Re: Freeman. I guess technically he is right but it's kind of missing the broader point of he is a brown skinned people. That's really where prejudice lies. Not in lineage.
Obama isn't American's first black president, says the adorable, freckled-faced Morgan Freeman, who's obviously not black. Wonder if Michelle Obama would qualify as the first black president? How far back should we go? But ideologically he could make a point - both LBJ and Clinton would qualify as nearer to black than Obama.
jmac,
Cut it out, jmac. Everyone who's paying attention knows that William Jefferson Clinton was the first black president. We know because Toni Morrison told us so.
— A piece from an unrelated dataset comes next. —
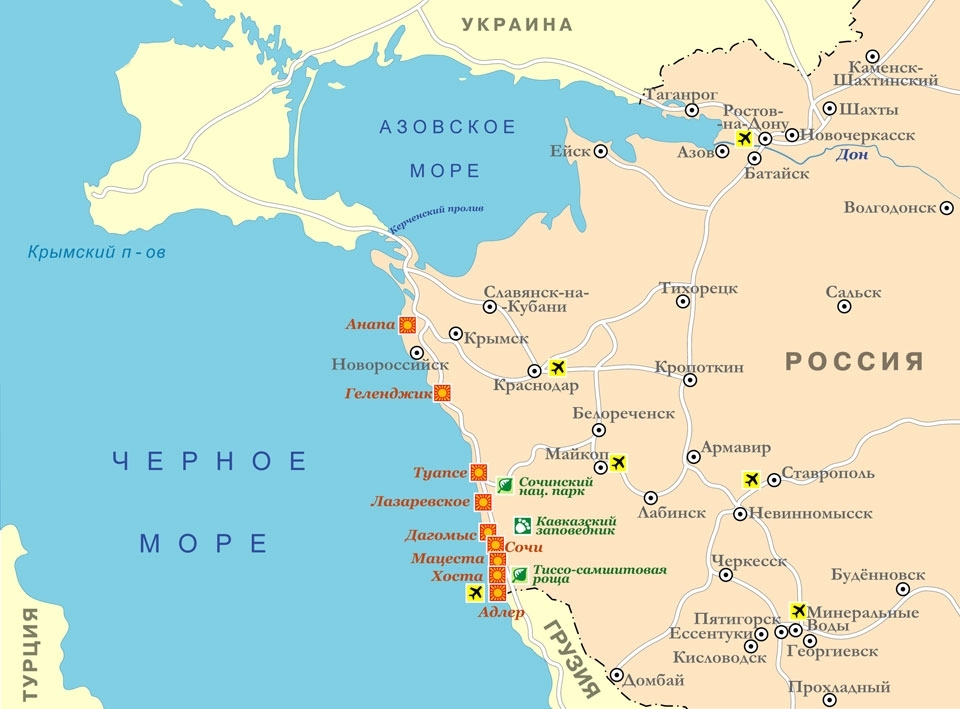 Геленджик на картата на Русия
"Author Toni Morrison was the person who anointed Clinton FBP, saying, white skin notwithstanding, this is our first black president, blacker than any actual black person who could ever be elected in our children's lifetime. After all, Clinton displays almost every trope of blackness: single-parent household, born poor, working-class, saxophone-playing, McDonald's-and-junk-food-loving boy from Arkansas."
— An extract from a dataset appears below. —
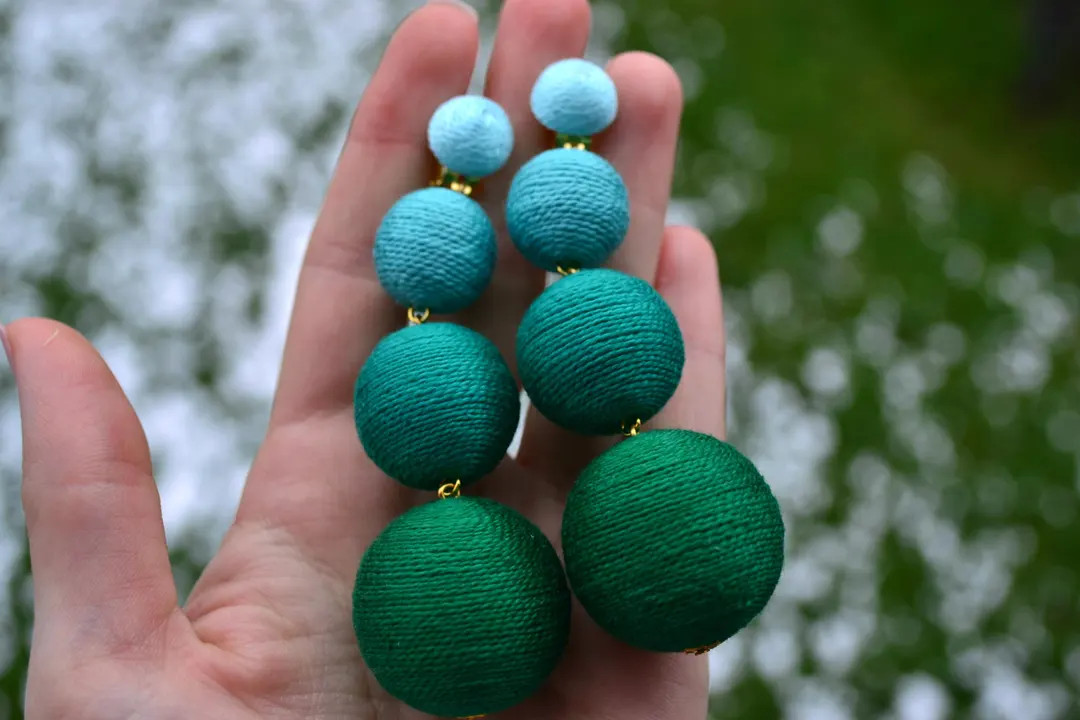 Green Ombre Bon Les Bonbon Earrings Emerald Turquoise Four Balls Clip Ons - Etsy | Etsy (Global)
No, you just use non-sequitor statements to pursue your own demented agenda.
I blame your home-schooling for this flawed sense of reasoning.
paulejb- - With pride, I didn't vote with Democrats when the entire south was Democratic. They were a bunch of racist. It's the same reason I don't vote with the South today. You make me proud NOT to vote with the likes of you. Some of us care what kinds of fleas we get when we lay down with a dog.
jmac,
Rather lie down with dogs than a liberal. At least the dog won't try to pick my pocket.
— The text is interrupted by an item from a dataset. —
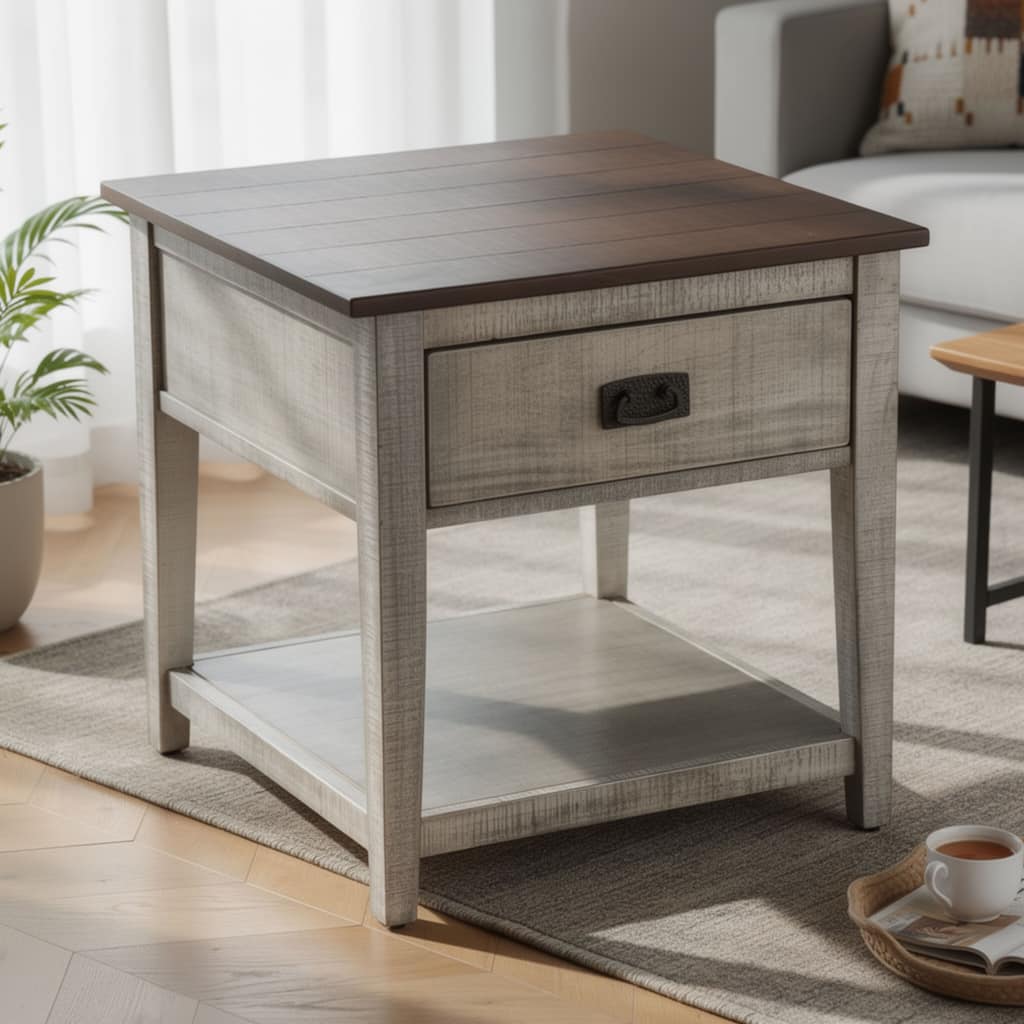 Camie Side End Table, 24 Inch Top with 1 Drawer, Solid Wood Gray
So now you are listening to Toni Morrison for cultural advice. He he.
Next you'll be asking Limbaugh for women's issues.
You're hoot and a half.
Steve0T,
I always pay attention to liberal idiocies. You can never tell when they might be useful in destroying left winger's arguments.
In defense of Morgan Freeman, President Obama is not the descendant of slaves and given his extraordinary background and a different and unique viewpoint. That said, I don't think it is about racial purity. Afterall, unless your parents arrived off the boat from Africa, no African American is "pure".
This is why I refer to 'black Americans' instead of 'African Americans'. My brother in law has worked for years charting the history of my wife's family and he's only gotten back to North Carolina in 1818.
My favorite headline on this particular story of Republican idiocy.
Republican Horrified to Discover that Christianity is Not the Only Religion
http://jezebel.com/5923898/rep...
Righties for you, low on legislation high on stupidity. Government is just another teet to suckle on while pretending they're doing gods work by dismantling government one stone after another.
But to reiterate what I wrote the other day - it's the voter stupid! She's not there because she knows how to make dead people vote - she's there because there are enough idiots that gave her the opportunity.
I'll kick in with the majority here.
I think you've just been voted off the intellectual island, 3x...
"As usual a really stupid comment."
I agree, 3x, she's a very foolish woman.
And thanks for contributing. You always add so much to the conversation. If it wasn't for you telling us we're all wrong all the time, we'd have to rely on facts.
Don't stress Mo. He's just having a fit cause his boy is going down in flames.
I didn't think BO was doing enough, but as the weeks go by, Romney keeps getting hit with more stuff.
Granted the SC wasn't exactly part of the BO plan - but Romney waiting a week to respond did help.
Which is why he tries to say nothing at all.
But he Nov is a long ways away to just keep your yap shut.
3x knows that. Hence his lashing out angrily.
3xfire3,
When are you going to learn that while most Conservatives are not stupid, most stupid people are conservative. (Present company definitely excluded)
3xfire3,
"Definitely brainwashed".
That must explain why 44% of people in Mississippi believe Obama is a Muslim.
If a true Marxist from the past could teleport to 2012 he would think he was in a cartoon and die laughing at all the Kenyan-born Marxist-in-Chief nonsense.